Texto proíbe médico de 'realizar ou causar um aborto se detectar um batimento cardíaco de um feto ou deixar de fazer o teste'

Ativistas que apoiam o direito das mulheres de decidirem pelo aborto protestaram em março de 2020 perante a Suprema Corte dos Estados Unidos
Ativistas que apoiam o direito das mulheres de decidirem pelo aborto protestaram em março de 2020 perante a Suprema Corte dos Estados Unidos (SAUL LOEB/AFP)

Um congressista republicano da Flórida, nos Estados Unidos, apresentou um projeto de lei estadual para proibir o aborto assim que for detectado o batimento cardíaco do feto, fato que geralmente ocorre por volta das seis semanas de gravidez.

Webster Barnaby, da Câmara dos Deputados local, apresentou o texto inspirado em uma lei recentemente aprovada no Texas, a mais restritiva do país sobre o aborto.

O projeto de lei de Barnaby "proíbe um médico de realizar ou causar um aborto se detectar um batimento cardíaco de um feto ou deixar de fazer o teste" desse batimento cardíaco.

O texto permite exceções em caso de estupro, incesto, violência doméstica, tráfico de pessoas ou se for demonstrado que a gravidez coloca em risco a saúde da gestante.

Uma grande diferença da lei do Texas, que não oferece exceções para estupro ou incesto. Resta saber se o texto chegará ao Congresso, onde os republicanos têm maioria em ambas as câmaras.

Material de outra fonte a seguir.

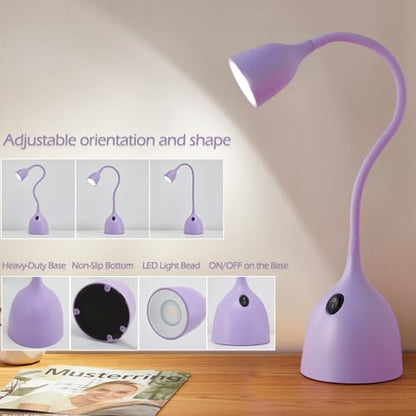 EJIAXIN Desk Lamp for College Dorm Room - LED Reading Light, Purple - color: Purple
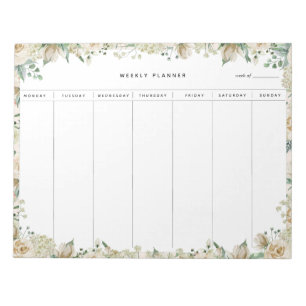 Cream Watercolor Floral Weekly Planner Notepad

O presidente da Câmara dos Deputados, Chris Sprowls, se dispôs a endurecer o direito ao aborto, mas não endossou a proibição após seis semanas, quando muitas mulheres ainda não sabem que estão grávidas.

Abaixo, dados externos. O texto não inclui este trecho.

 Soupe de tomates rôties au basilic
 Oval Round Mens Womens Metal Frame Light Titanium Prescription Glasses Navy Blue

Seu homólogo no Senado, Wilton Simpson, disse que apoia uma lei como a do Texas. E o governador da Flórida, Ron DeSantis, chamou a lei do Texas de "interessante", mas disse que teria de estudá-la cuidadosamente antes de endossar um texto semelhante.

Para evitar uma decisão contrária da Suprema Corte, o estado redigiu sua lei de forma diferente: não cabe às autoridades fazer cumprir a medida, mas aos cidadãos, que são incentivados a entrar com ações civis contra organizações ou pessoas que ajudam mulheres a abortar.